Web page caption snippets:
================
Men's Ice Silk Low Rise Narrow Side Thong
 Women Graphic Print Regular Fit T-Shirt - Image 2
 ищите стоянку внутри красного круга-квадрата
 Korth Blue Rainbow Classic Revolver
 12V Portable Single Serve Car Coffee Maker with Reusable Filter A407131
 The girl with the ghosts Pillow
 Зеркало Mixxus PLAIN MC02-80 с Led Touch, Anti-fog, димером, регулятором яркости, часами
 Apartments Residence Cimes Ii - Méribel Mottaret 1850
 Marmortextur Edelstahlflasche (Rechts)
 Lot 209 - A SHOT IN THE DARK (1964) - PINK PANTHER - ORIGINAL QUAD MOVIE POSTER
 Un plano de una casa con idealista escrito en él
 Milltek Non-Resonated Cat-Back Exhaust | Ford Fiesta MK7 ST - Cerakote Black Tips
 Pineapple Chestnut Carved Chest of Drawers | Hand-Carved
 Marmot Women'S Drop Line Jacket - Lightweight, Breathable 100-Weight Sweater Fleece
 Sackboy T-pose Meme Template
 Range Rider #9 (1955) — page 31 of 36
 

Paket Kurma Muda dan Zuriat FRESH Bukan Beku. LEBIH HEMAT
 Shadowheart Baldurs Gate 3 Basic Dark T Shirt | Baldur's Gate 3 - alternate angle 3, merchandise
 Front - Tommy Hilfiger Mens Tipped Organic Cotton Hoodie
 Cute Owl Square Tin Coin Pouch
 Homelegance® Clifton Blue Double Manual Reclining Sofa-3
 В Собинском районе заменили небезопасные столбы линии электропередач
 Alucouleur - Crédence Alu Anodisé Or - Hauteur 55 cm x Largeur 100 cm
================
_Your task_
Count the lines in the data where "Shirt" occurs. Report the number only.

_Solution for this task_
2